Could you transcribe exactly the lines below, from the line with "The Survival Guide" through the line with "The Incredible Pol Farm", and nothing else, leaving out the pictures?

____ DATASET ENTRIES

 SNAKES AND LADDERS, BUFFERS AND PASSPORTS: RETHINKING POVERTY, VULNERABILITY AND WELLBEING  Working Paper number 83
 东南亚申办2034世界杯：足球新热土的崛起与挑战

________
____ DATASET ENTRIES

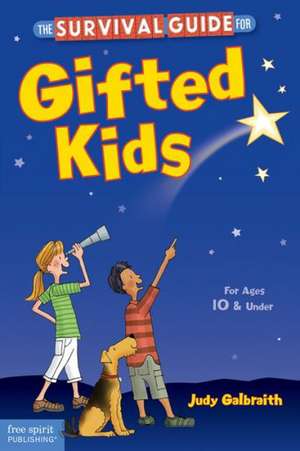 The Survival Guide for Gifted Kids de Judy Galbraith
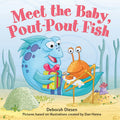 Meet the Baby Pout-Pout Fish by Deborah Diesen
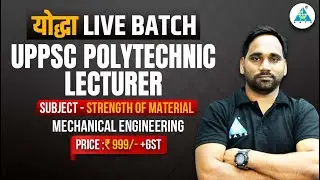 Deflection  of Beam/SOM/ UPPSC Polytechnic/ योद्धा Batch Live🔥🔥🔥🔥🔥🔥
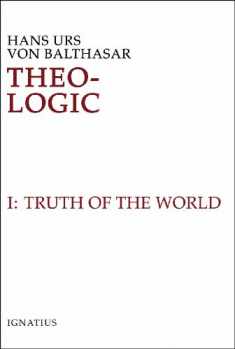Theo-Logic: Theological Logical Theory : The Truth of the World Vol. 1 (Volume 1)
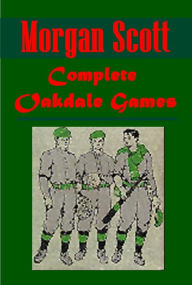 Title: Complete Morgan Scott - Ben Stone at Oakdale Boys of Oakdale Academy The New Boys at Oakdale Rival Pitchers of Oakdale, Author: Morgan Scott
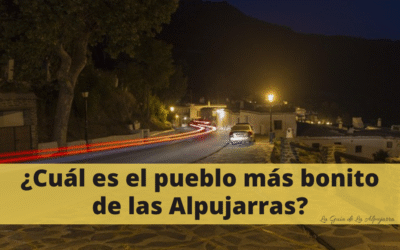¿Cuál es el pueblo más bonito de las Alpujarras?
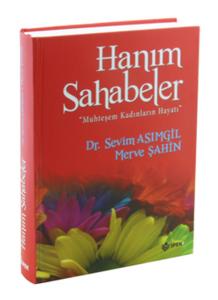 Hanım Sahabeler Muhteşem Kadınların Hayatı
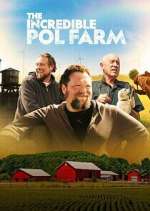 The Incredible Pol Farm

________
____ DATASET ENTRIES

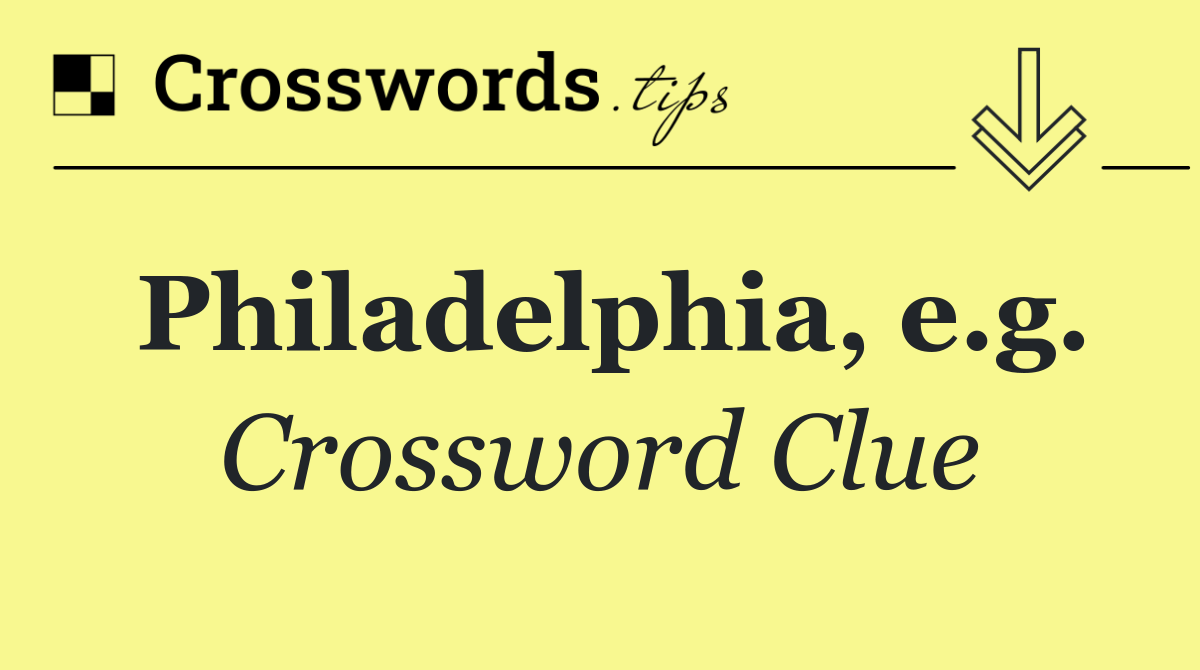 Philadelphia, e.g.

________

**EXPECTED ANSWER:**
 The Survival Guide for Gifted Kids de Judy Galbraith
 Meet the Baby Pout-Pout Fish by Deborah Diesen
 Deflection  of Beam/SOM/ UPPSC Polytechnic/ योद्धा Batch Live🔥🔥🔥🔥🔥🔥
Theo-Logic: Theological Logical Theory : The Truth of the World Vol. 1 (Volume 1)
 Title: Complete Morgan Scott - Ben Stone at Oakdale Boys of Oakdale Academy The New Boys at Oakdale Rival Pitchers of Oakdale, Author: Morgan Scott
¿Cuál es el pueblo más bonito de las Alpujarras?
 Hanım Sahabeler Muhteşem Kadınların Hayatı
 The Incredible Pol Farm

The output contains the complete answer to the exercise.